Superloop Limited
- Type: Public
- Traded as: ASX: SLC
- Industry: Telecommunications
- Founded: 2014
- Founder: Bevan Slattery
- Key people: Paul Tyler (CEO)
- Subsidiaries: Exetel
- Website: superloop.com

= Superloop (company) =

Australian telecommunications company

Superloop is an Australian telecommunications company and internet service provider. It was founded in 2014 by Bevan Slattery.

== History ==
Superloop was founded by Bevan Slattery in 2014 when Slattery spun off the dark fibre infrastructure assets from his Megaport business. Superloop was listed on the Australian Securities Exchange (ASX) in June 2015. In October 2015, Superloop acquired Apex Networks for $5.8 million followed by Cinenet Systems for $3 million in November. In September 2016, Superloop acquired BigAir.

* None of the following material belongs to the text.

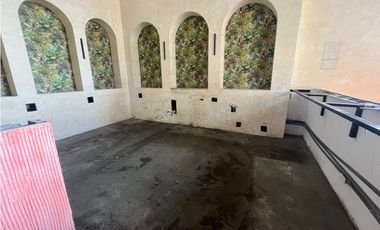 Se Alquila Local en San Francisco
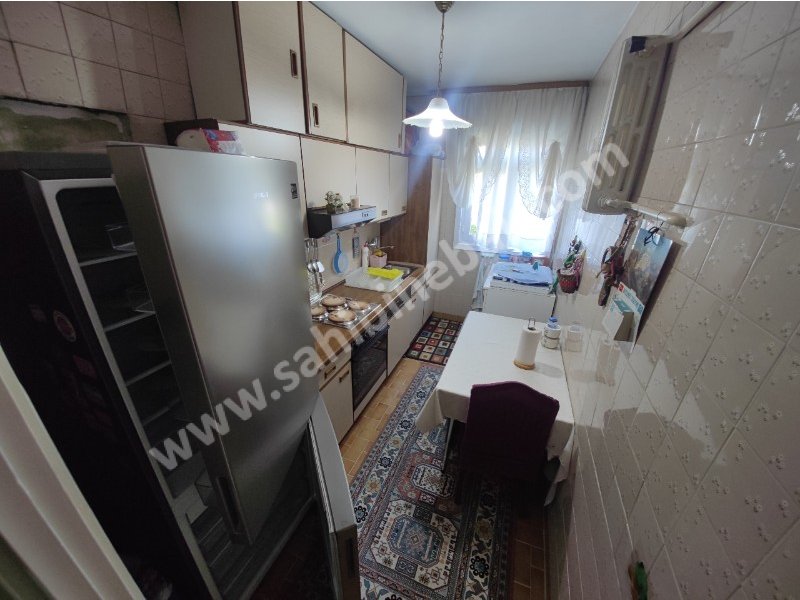ROSA DAN KADIKÖY ACIBADEMDE ACİL SATILIK 2.KAT 3+1 125 M2 DAİRE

In April 2017, Superloop acquired SubPartners, which developed international submarine communications cable systems and had also been previously founded by Slattery, for A$2.5 million. The acquisition of SubPartners provided Superloop with assets that included a stake in the Indigo Consortium, which was building the Indigo cable system between Singapore, Jakarta, Perth and Sydney. Indigo Central and Indigo West went live in August 2019.

In June 2021 Superloop acquired Internet service provider Exetel for $110 million in cash and shares. In October Superloop announced it would sell its Hong Kong subsidiary and certain assets in Singapore to Columbia Capital and DigitalBridge Investment Management for $140 million. The sale was completed in April 2022.

In May 2022 Superloop acquired white label business Acurus for $15 million. In September that year, Superloop acquired VostroNet for $35 million in cash and shares. After MyRepublic decided to exit the Australian market in December 2022, customers were migrated to Superloop. In August 2023, Superloop announced its intention to acquire Symbio but it was eventually outbid by Aussie Broadband.

In February 2026, Superloop announced it would acquire fibre-to-the-premise (FTTP) network wholesaler Lynham Networks for $165 million in cash. The acquisition also included Lynham's retail service provider Lightning Broadband. In June 2026, the company launched its Neoloop wholesale FTTP brand. unifying offerings from its Vostronet, Frontier Networks and Lightning Broadband acquisitions.

== Recognition ==
In August 2025, Superloop was recognised by Ookla as Australia’s “Fastest Fixed Network (H1 2025)” based on more than 18 million consumer-initiated Speedtest results between January and June 2025.